Perhaps the Castle Creations Mamba 25 coupled with a 400 sized brushless will work well for 4 cell carpet oval. I think some of the German controllers can be had with a 3.6V cutoff as well. I'll have to look into it.


----------



## DynoMoHum (Sep 25, 2001)

I'd asked CC if the Mamba-25 could potentialy be used in a 12th scale car... they didn't seem too optimistic. But then I suspect with a mild motor and a small pinion it might be OK... I may try it this summer for kicks... I know that the mamba-25 system I have is too powerfull for any reall good in a M18... so I suspect that maybe it could push a 12th scale pan car around with a small pinion...
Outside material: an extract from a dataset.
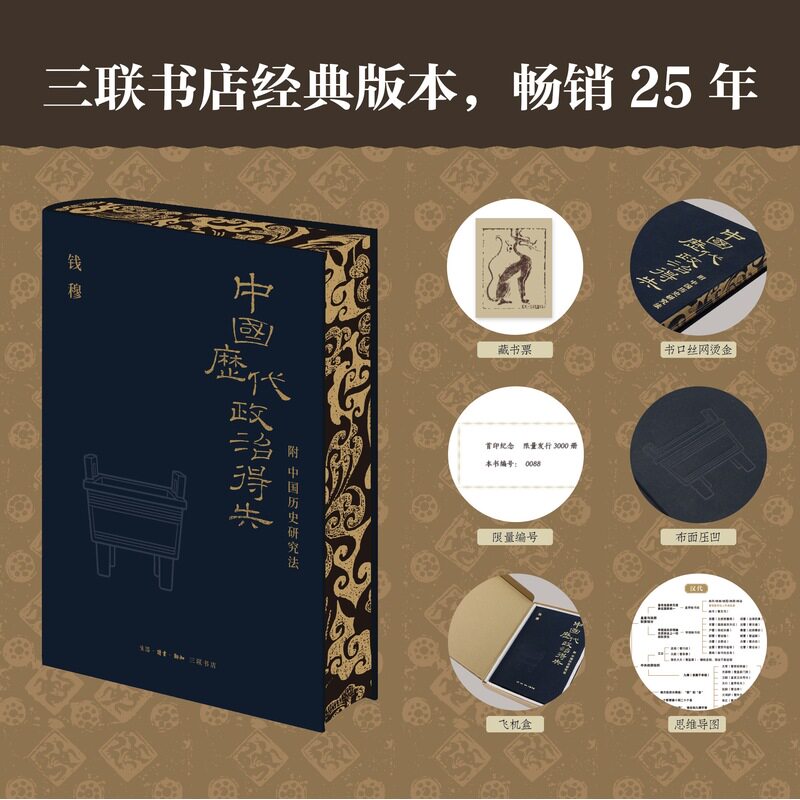中国历代政治得失附中国历史研究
Typicaly we are averaging over 30 amps in our 10th 4 cell oval racing... this with a Novak 4300 brushless system or say a 19 turn brushed motor. So... I don't think the Mamba will quite handle it that kind of stress... The Novak 5800 system surely pulls more then 35 amps average when they are used in this type of racing.... If any brushless were ever to be truely competitive in a 4 cell oval open modified class it would have to handle at least 45 amps continious I think... Mod 4 cell oval guys regularly dump 3300mAh packs in 4 minutes with brushed 10 to 6 turn motors, that's a average of 49 amps. With 3800mAh NiMH packs they'd dump those too I'm sure, which would be up to 57 amps continious... Hard to imagine you'd ever need more then 60 amps though... but that's just a educated guess.


----------



## rcavenger (Aug 28, 2002)

dyno,

well, i do know that i can dump a 3300 non deadshorted pack (appr. 420 @ 30 amps) w/ a 4300 system in 5 min, racing 4 cell on carpet oval. basically, from what i am seeing, the 4300 will pull about any gear in a well setup pan car, to the point the battery dumps. what have you noticed?


----------



## DynoMoHum (Sep 25, 2001)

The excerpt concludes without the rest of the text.